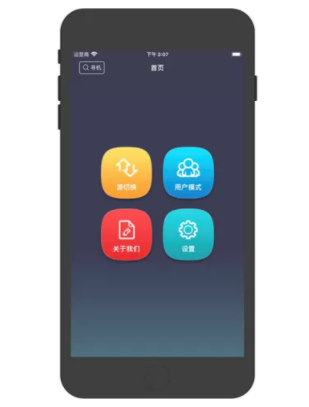 加拿大28官网-不凡成绩非凡,相信品牌的实力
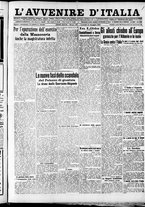 giornale/RAV0212404/1913/Maggio/137
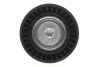 Ролик паразитний CITROEN/FIAT/PEUGEOT Nemo/Doblo/Bipper \'\'1.3HDI "10>> DAYCO APV3684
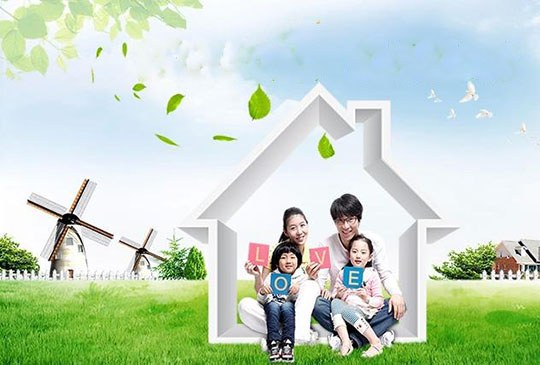 藍天豚硅藻泥︱給孩子最好的守護（圖）_1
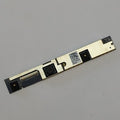 Lenovo ThinkPad P52s Webcam Kamera Modul Camera Board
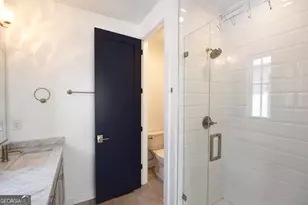 195 Breakspear Ln, Fayetteville, GA 30214 - Photo 30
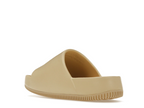 Nike Calm Slide Sesame (W)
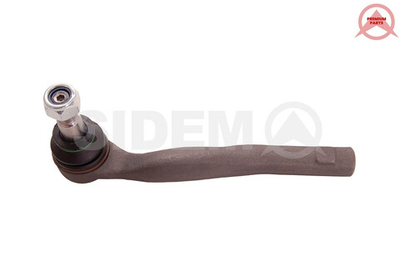 SIDEM - 49630-SIE - Tie Rod End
----
:: Exercise details ::
What is needed is an exact repeat of the lines from the one containing "Lenovo ThinkPad P52s" through the last line of the records above, both included, with pictures left out.

:: Answer below ::
 Lenovo ThinkPad P52s Webcam Kamera Modul Camera Board
 195 Breakspear Ln, Fayetteville, GA 30214 - Photo 30
 Nike Calm Slide Sesame (W)
 SIDEM - 49630-SIE - Tie Rod End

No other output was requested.